- _RECORDED INFORMATION_
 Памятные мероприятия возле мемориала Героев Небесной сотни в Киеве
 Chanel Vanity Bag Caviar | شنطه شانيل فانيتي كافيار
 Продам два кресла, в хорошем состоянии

--

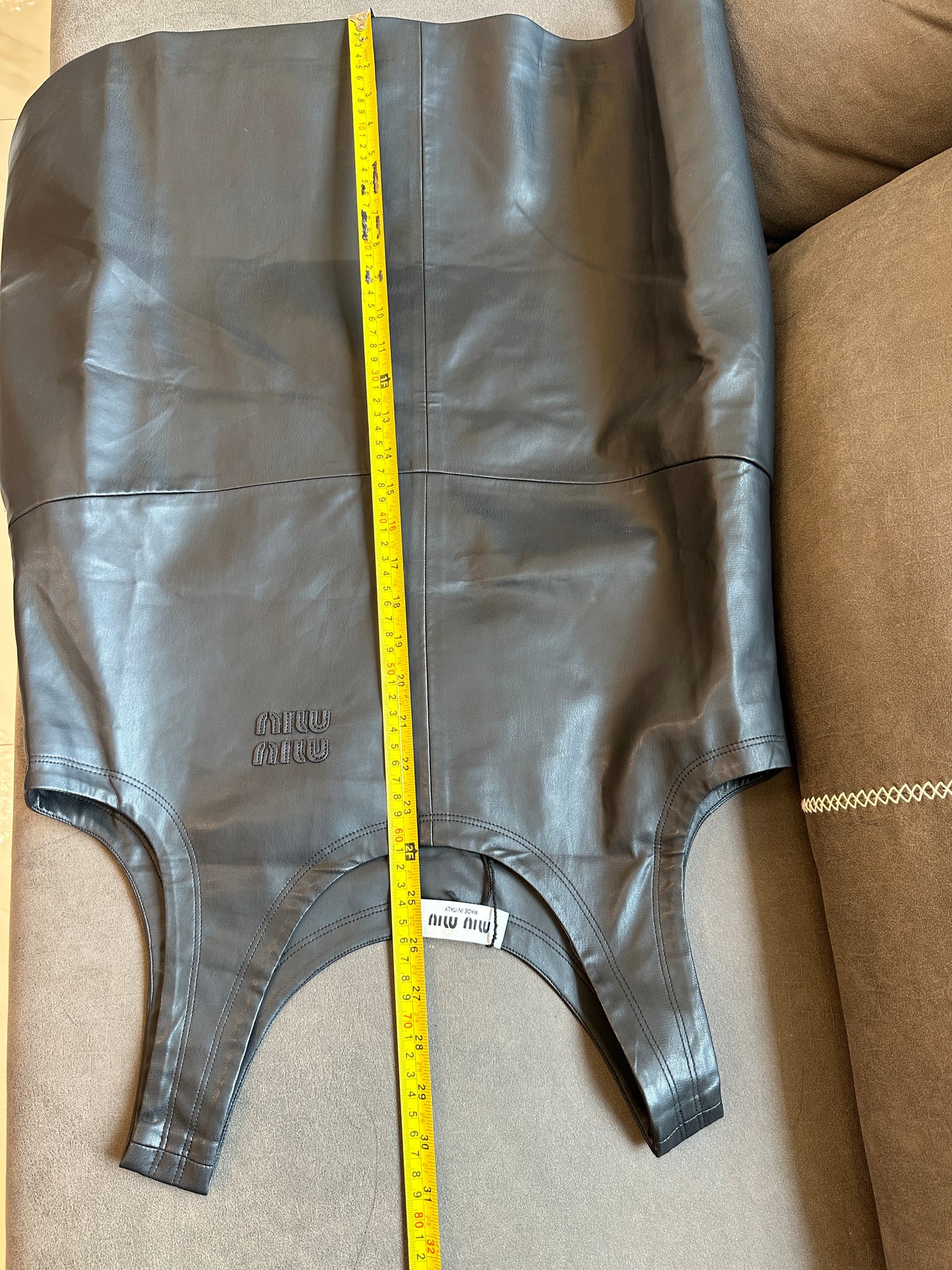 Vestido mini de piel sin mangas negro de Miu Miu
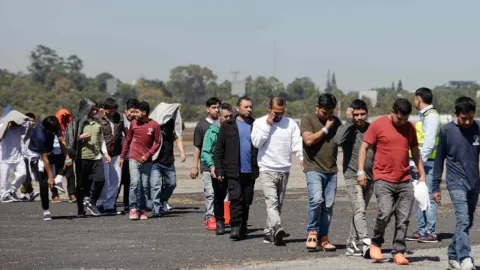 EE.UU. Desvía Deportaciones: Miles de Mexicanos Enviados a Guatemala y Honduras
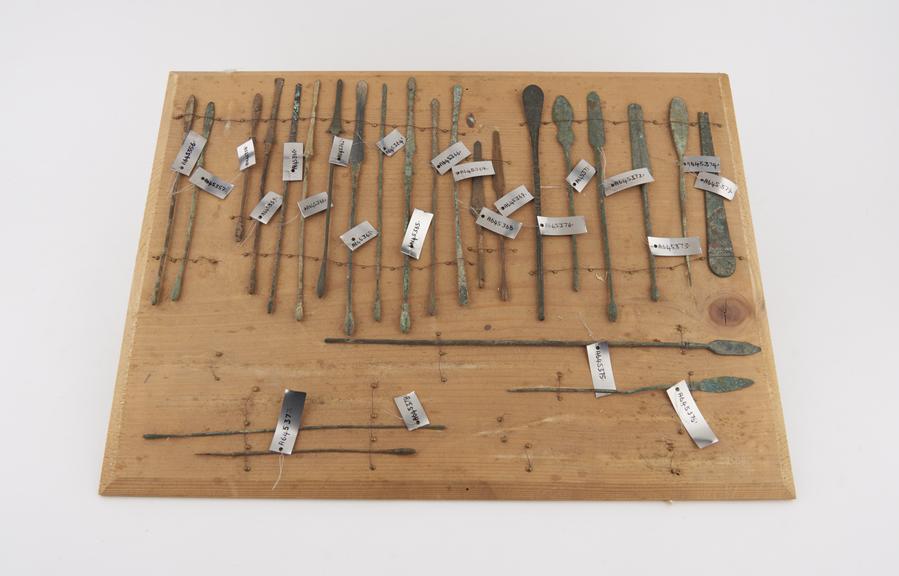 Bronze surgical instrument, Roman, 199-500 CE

...

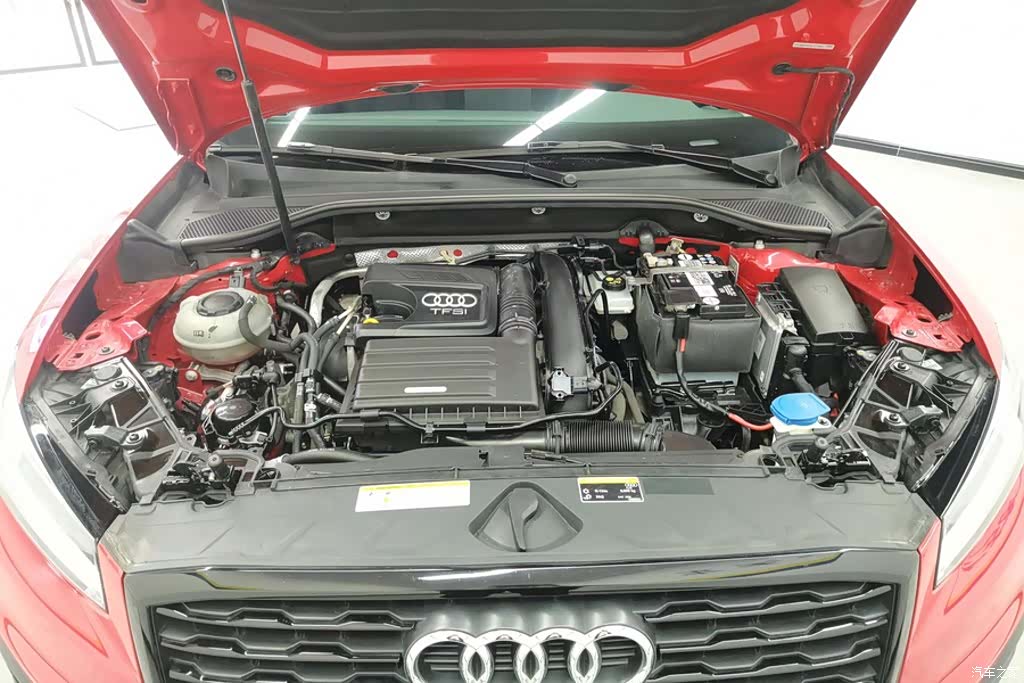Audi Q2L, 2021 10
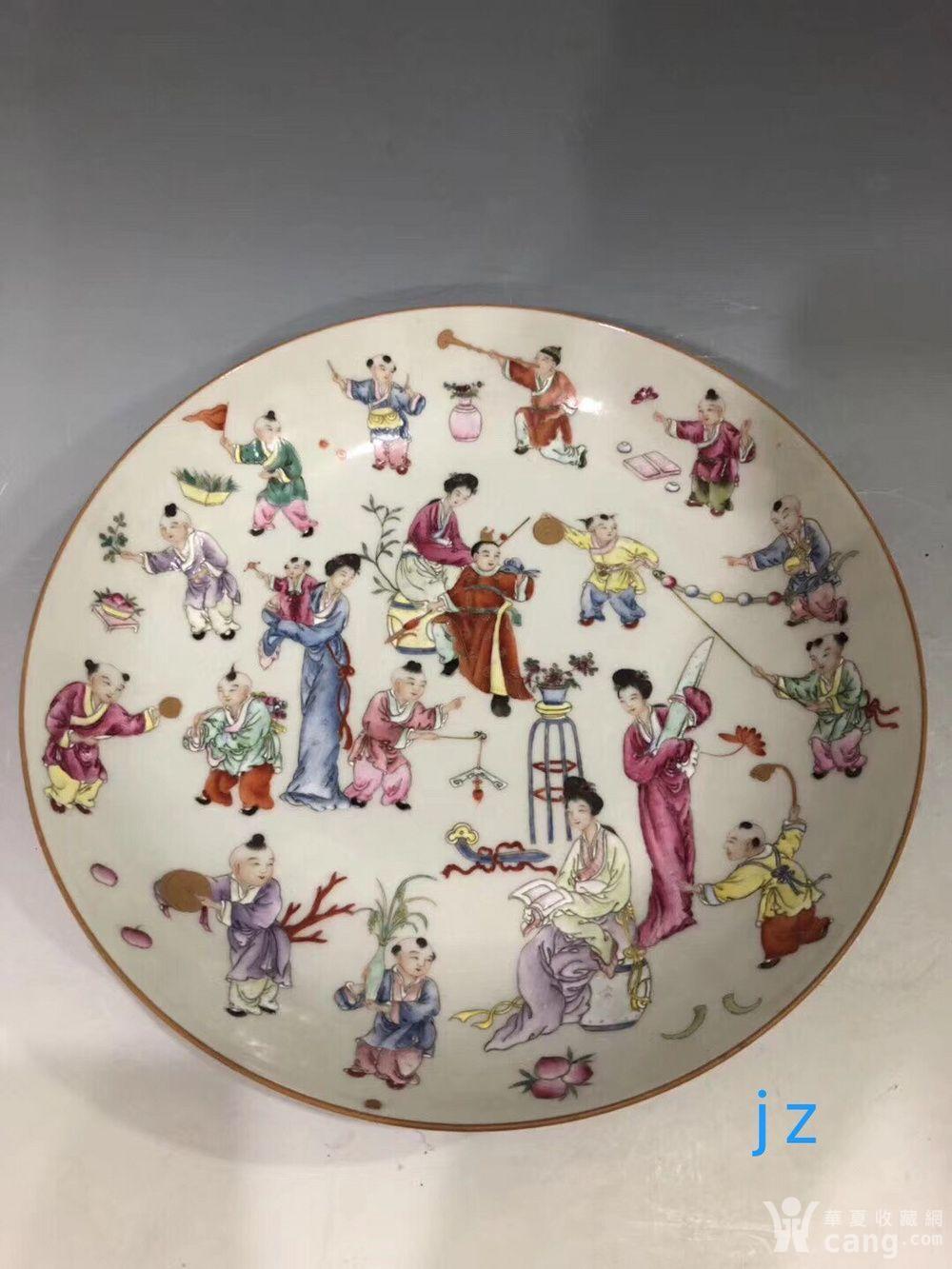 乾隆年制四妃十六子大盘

- _WORK ORDER_
With the pictures omitted, copy the entries above exactly from the line containing "EE.UU. Desvía Deportaciones: Miles" through the line containing "Bronze surgical instrument, Roman, 199-500", both lines included.

- _ANSWER BOX_
 EE.UU. Desvía Deportaciones: Miles de Mexicanos Enviados a Guatemala y Honduras
 Bronze surgical instrument, Roman, 199-500 CE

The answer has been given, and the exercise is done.